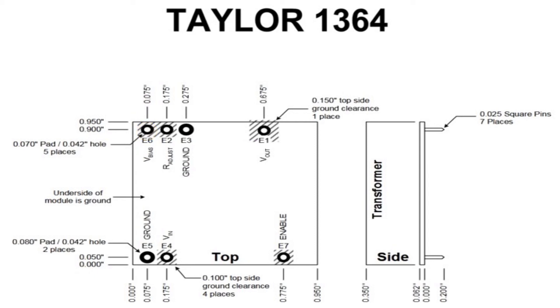It's best to have good filtering both before and after the 1364, as it needs clean input voltage and a filter can help to buffer the output. I use one of these in the PA1 DIY tube preamp project.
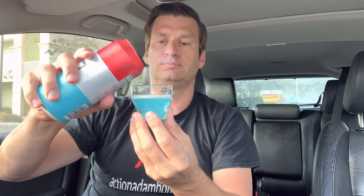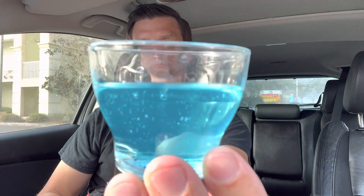I've got my little sampling cup — we're going to use a little espresso shot cup. Let's see what it looks like. It's blue, bubbly, looks nice. Let's do it.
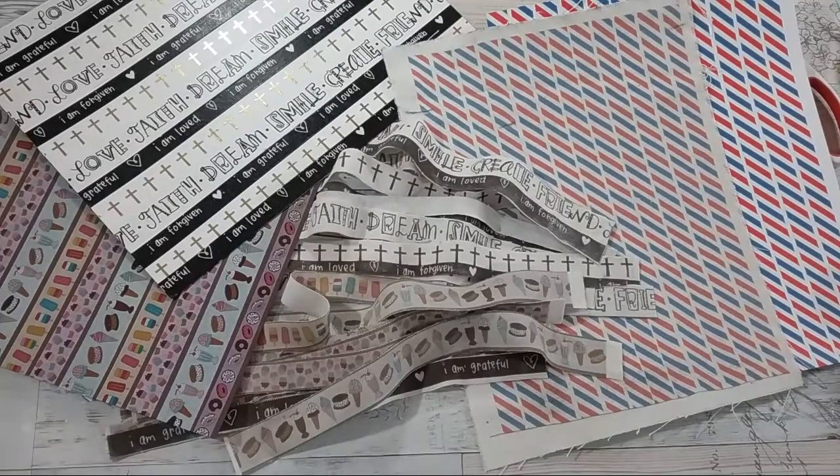There you have it, you guys — your very own do-it-yourself washi paper, washi fabric, and washi ribbon. If you like this video, feel free to like it and share this tutorial. I hope you all participate in the challenge. As always, thank you for watching and blessings.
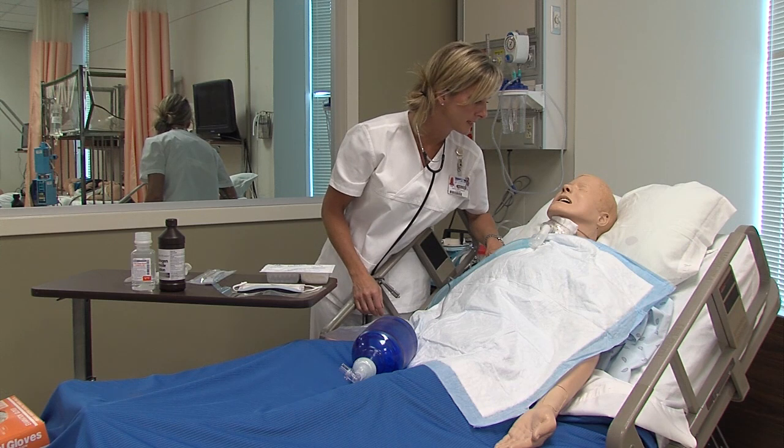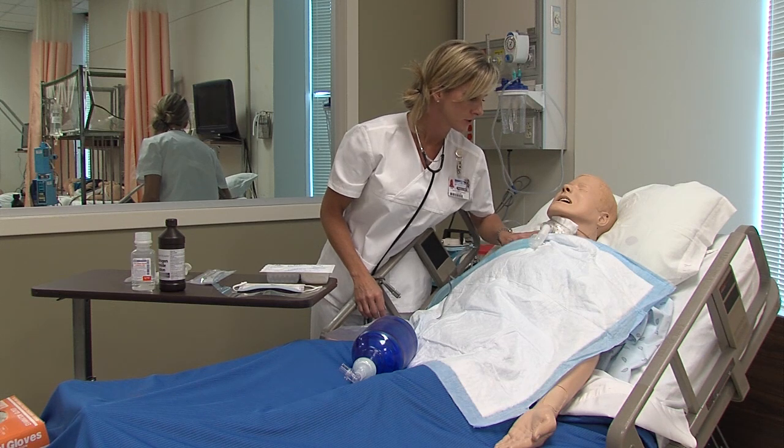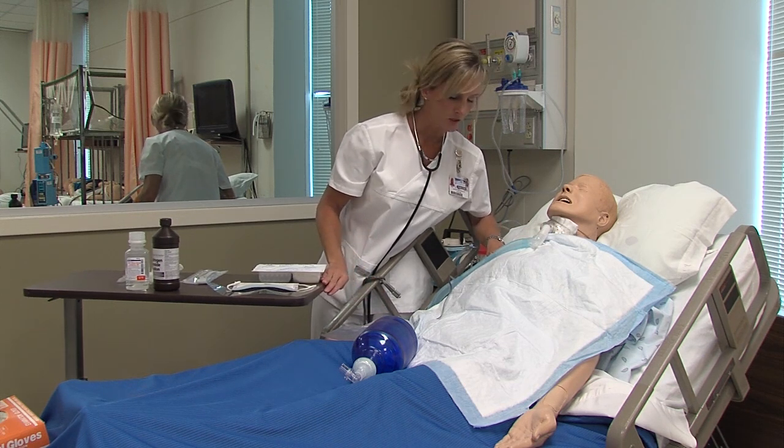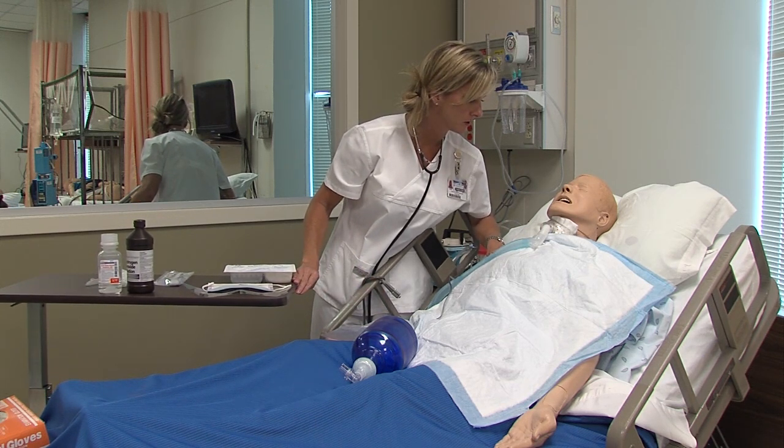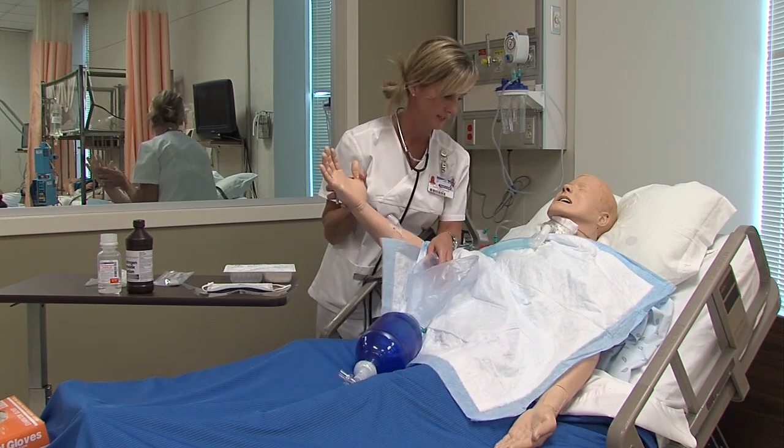Mr. Brown, my name is Annette Rigby. I'm going to be your nurse today. Right now I'm going to perform trache care on your trache. If at any time during the procedure you become uncomfortable or experience any discomfort, I need you to raise your hand for me like this.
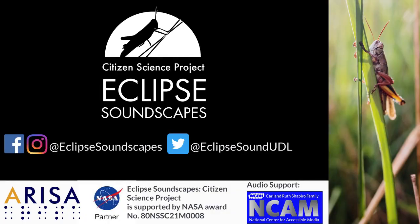This video was created by the Eclipse Soundscapes Citizen Science Project Team at ERISA Lab. You can stay updated on the Eclipse Soundscapes Project by following us on social media at Eclipse Soundscapes on Facebook and Instagram, and at Eclipse Sound UDL on Twitter.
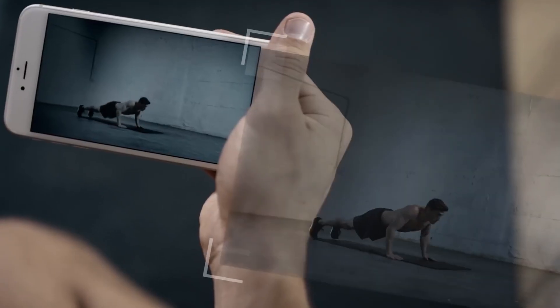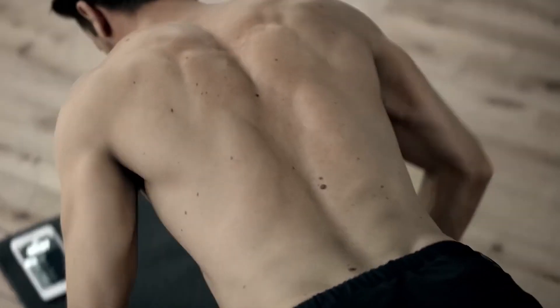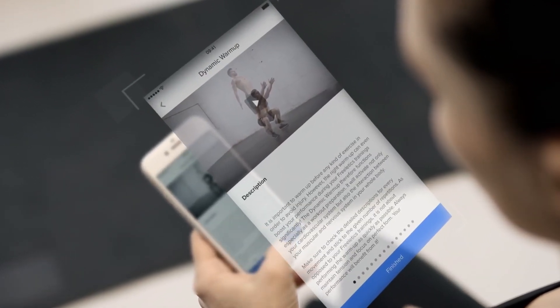The coach guides you through your own weekly workout plan with detailed instructions and the correct range of motion. Begin with a dynamic warm-up to avoid injuries.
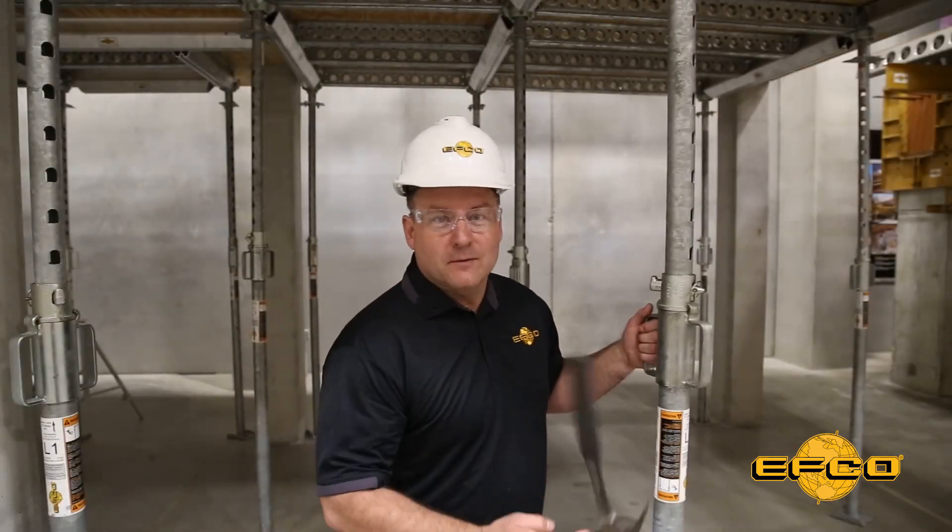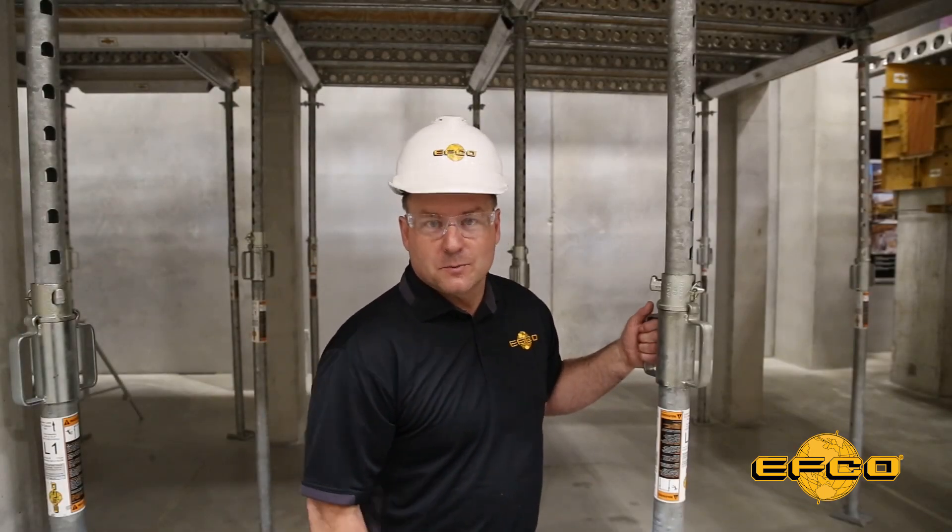Thank you for watching. If you have any questions concerning EFCO equipment, contact an EFCO field supervisor.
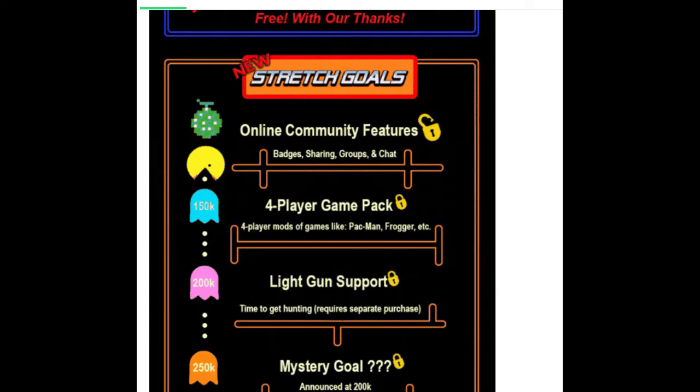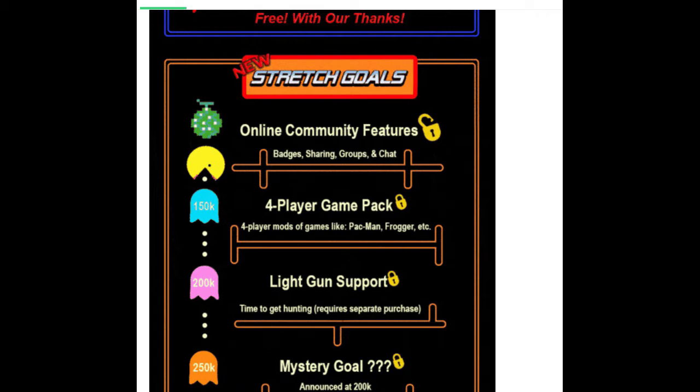We also hit the goal for light gun support. The light gun will come after the initial console release, as it requires additional hardware to work properly on modern TVs. Dream Arcades already designed working light gun support for their upright arcade machines using modern-day screens, so they have the technology. It's just a matter of making a light bar or box that works with the Replay, possibly through a partner such as Arcade Guns.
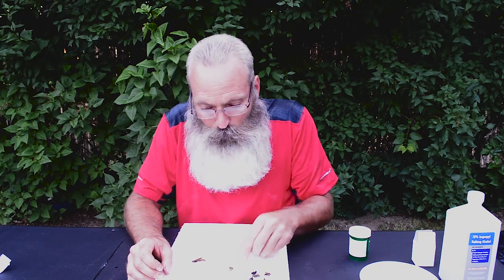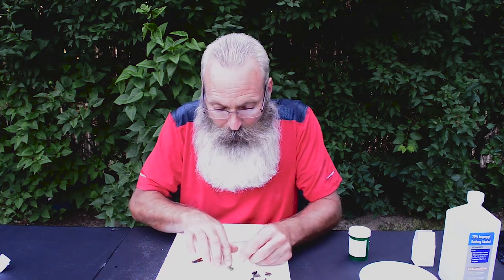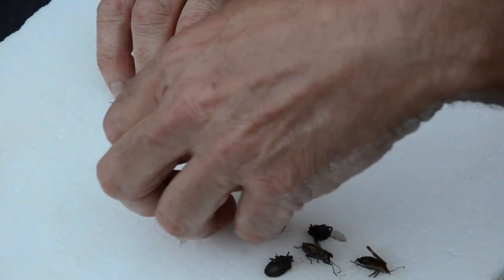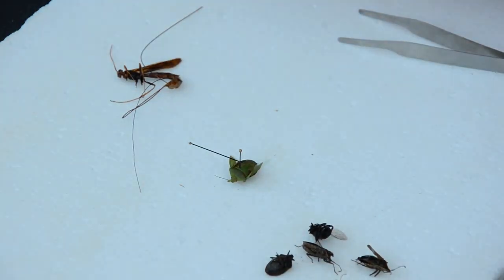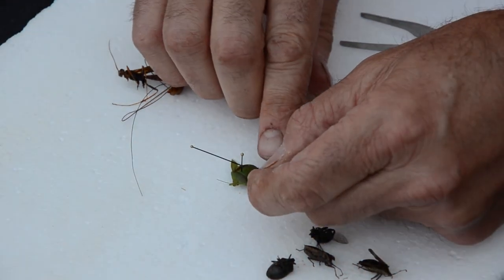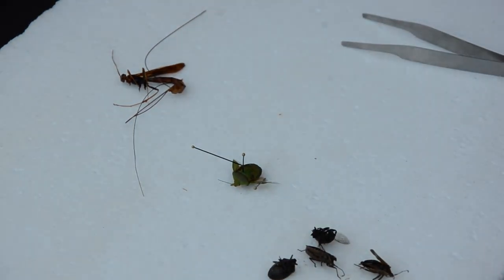If you have legs or wings that are not in the right position and you want to move them, you can do that pretty easily — just by taking the pin and holding the wing in the position that you want. Let it dry. Then say a day or two later, you can remove the pin and the legs or wings will remain in that position.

+===+

PROBLEM STATEMENT: Copy the records exactly as they appear, leaving every picture out.

RESPONSE TO THIS TASK:
It's best to have good filtering both before and after the 1364, as it needs clean input voltage and a filter can help to buffer the output. I use one of these in the PA1 DIY tube preamp project.
I've got my little sampling cup — we're going to use a little espresso shot cup. Let's see what it looks like. It's blue, bubbly, looks nice. Let's do it.
There you have it, you guys — your very own do-it-yourself washi paper, washi fabric, and washi ribbon. If you like this video, feel free to like it and share this tutorial. I hope you all participate in the challenge. As always, thank you for watching and blessings.
Mr. Brown, my name is Annette Rigby. I'm going to be your nurse today. Right now I'm going to perform trache care on your trache. If at any time during the procedure you become uncomfortable or experience any discomfort, I need you to raise your hand for me like this.
This video was created by the Eclipse Soundscapes Citizen Science Project Team at ERISA Lab. You can stay updated on the Eclipse Soundscapes Project by following us on social media at Eclipse Soundscapes on Facebook and Instagram, and at Eclipse Sound UDL on Twitter.
The coach guides you through your own weekly workout plan with detailed instructions and the correct range of motion. Begin with a dynamic warm-up to avoid injuries.
Thank you for watching. If you have any questions concerning EFCO equipment, contact an EFCO field supervisor.
We also hit the goal for light gun support. The light gun will come after the initial console release, as it requires additional hardware to work properly on modern TVs. Dream Arcades already designed working light gun support for their upright arcade machines using modern-day screens, so they have the technology. It's just a matter of making a light bar or box that works with the Replay, possibly through a partner such as Arcade Guns.
If you have legs or wings that are not in the right position and you want to move them, you can do that pretty easily — just by taking the pin and holding the wing in the position that you want. Let it dry. Then say a day or two later, you can remove the pin and the legs or wings will remain in that position.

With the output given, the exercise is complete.